FORMER Chief Justice Renato C. Corona was preparing to clear his name and reclaim his seat in the Supreme Court when he succumbed to cardiac arrest early Friday morning, April 29. He was the only Chief Justice ever to be impeached.

With his untimely death, his plan to vindicate himself also comes to an end.

Justice Corona was appointed chief justice by President Gloria Macapagal Arroyo on May 12, 2010, after the retirement of Chief Justice Renato Puno. A suit was brought before the Supreme Court as the Constitution bans presidential appointments two months before the election up to the end of her term. But the Supreme Court ruled that the ban does not cover the judiciary.

President Aquino was elected in that election and, instead of following the tradition of being sworn in by the chief justice, he chose to be sworn in on June 30, 2010, by Associate Justice Conchita Carpio Morales, who had dissented in the Supreme Court ruling. Months later, in December, 2011, the House of Representatives approved an impeachment complaint with eight articles – later reduced to three – against Corona. The Senate on May 29, 2012, voted for conviction on the first article – that Corona failed to disclose to the public his Statement of Assets, Liabilities, and Networth (SALN), in Betrayal of Public Trust and/or Culpable Violation of the Constitution. The Senate then decided not to pursue voting on the two other articles of impeachment.

It was charged by opposition quarters at the time that funds from the Priority Development Assistance Fund (PDAF) and the Disbursement Acceleration Program (DAP) figured in the impeachment case, but that has never been established. Chief Justice Corona was preparing to do this as soon as the next administration assumed office, when he died.

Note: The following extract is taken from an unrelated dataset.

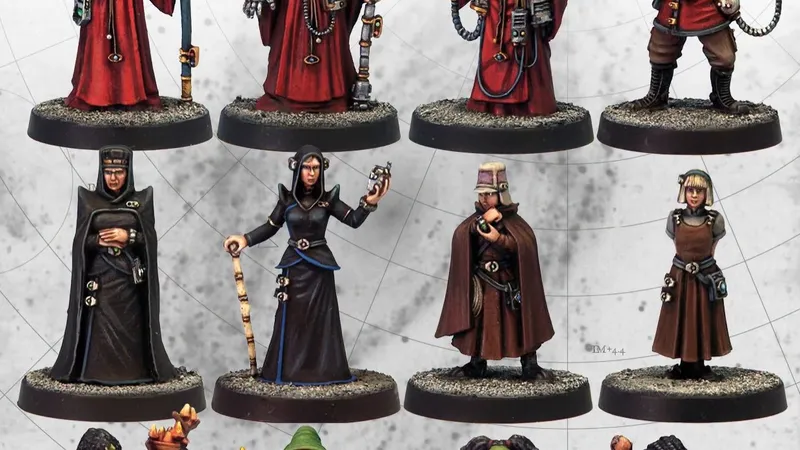 12 painted sci-fi miniatures in 3 rows, various robes and weapons.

It is difficult to say how successful he would have been if he lived to carry out his plan. It would have been one of the livelier issues that some opposition quarters were threatening to raise against some administration figures.

The case must now be set aside.

For now, the nation can only honor him on his death. The Supreme Court lowered its flag to half-mast and several officials cited his record of service to the nation, notably in legal education and upholding the rule of law.

Malacañang has extended its condolences to the Corona family. We join in paying him tribute.